It is true that republican Cuba inherited deep-seated conditioning. It is true that the United States intervened too much in the political, economic and strategic life of the island. It is true that the Platt Amendment left a mark of dependence. But it is also true that Castroism has spent more than sixty years administering the country, controlling its institutions, monopolizing patriotic discourse, expelling talent, impoverishing the economy and turning the supposed revolutionary exceptionalism – the eternal special period – into a routine of power cuts, queues, surveillance and flight. The Cuban present cannot be explained indefinitely with a finger pointing at 1898, at Washington, or at historical fatality. At this point, the Revolution is no longer a betrayed promise: it is a result.

Hence any eventual external assistance to Cuba, necessary in many respects, must not be conceived as a repetition of 1899. Cuba will need investment, technical assistance, energy reconstruction, institutional rehabilitation, productive recovery, sanitary modernization, educational opening and economic reintegration. But that is not equivalent to calling for a new foreign administration, nor to imagining that a North American intervention would resolve, on its own, what Cubans must rebuild with their own institutions, political pluralism and genuine sovereignty.

The underlying problem is not whether the United States can help. Of course it can. The problem is whether that help is conceived as cooperation with a free nation and a future ally, or as a temporary replacement for its political capacity. The first option may be necessary. The second reopens an old temptation: the belief that Cuba only functions when someone administers it from outside.

After more than six decades of authoritarianism, many Cubans on the island have not been able to practice or develop a genuine democratic culture

That idea, however well-intentioned in its formulation, sidesteps an uncomfortable question: after more than six decades of authoritarianism, many Cubans on the island have not been able to practice or develop a genuine democratic culture. Not from any natural incapacity, but because the regime has denied them for generations the everyday practice of deliberation, responsibility for public affairs – replaced too often by the national verb resolver [to resolve, to manage, to get by] – alternation in power, institutional trust, a culture of effort and free decision-making.
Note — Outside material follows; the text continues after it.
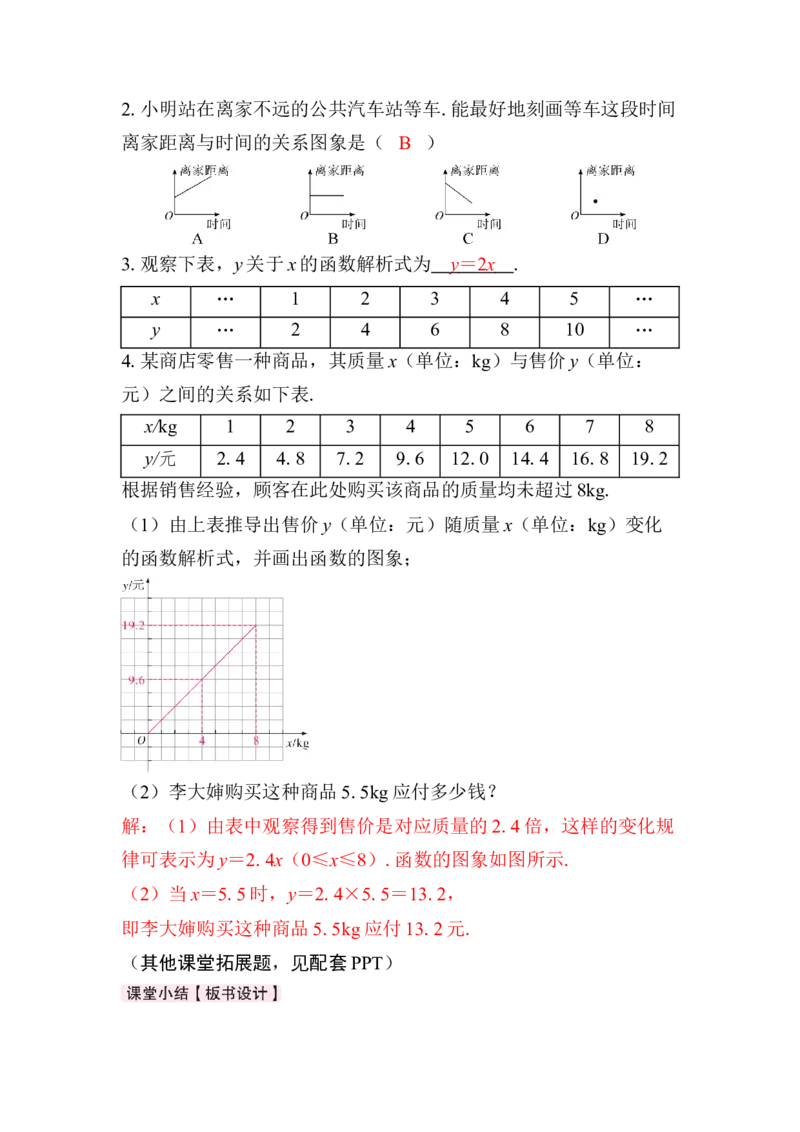22.2第3课时　函数的表示方法_初中数学人教版_八年级数学下册_保存转存之后查看(1)_2026春季新版-持续更新中_第三套-东方_01.人教数学8下第4套课件+教案+导学案26春已更完_11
A society subjected to obedience, to double standards, to surveillance and to the liturgy of collective sacrifice will also need to rebuild civic habits, a culture of work, a sense of individual responsibility and ethical values damaged by decades of real socialism. But that political maturation cannot be imported packaged from Washington or decreed by a foreign administration: it can only be learned by exercising freedom.

The history of 1899, therefore, serves as a double warning. It warns against the delusional self-sufficiency of the Cuban regime, incapable of guaranteeing basic services while boasting of sovereignty. But it also warns against the fantasy of the external savior — that hope that a power will arrive, impose order, clean up, invest, discipline and then hand over a republic ready to be unwrapped. The American experience demonstrated efficiency, but it also left dependence. The Castroite experience proclaimed independence, but has left ruin. Between these two lessons, a third way should open up: national reconstruction with external support, but without ultimate political tutelage.

Cuba must not start over as though its history could be erased and rewritten under foreign supervision

Cuba must not start over as though its history could be erased and rewritten under foreign supervision. The island needs to free itself from an exhausted regime, yes; it needs to rebuild infrastructure, healthcare, education, currency, agriculture, industry and public trust. But it needs to do so without comfortable, false mythologies: not that of a Spain that left only backwardness, nor that of a United States that brought only modernity, nor that of a revolution that continues to blame the past and the external enemy for a ruin that is, for the most part, its own work.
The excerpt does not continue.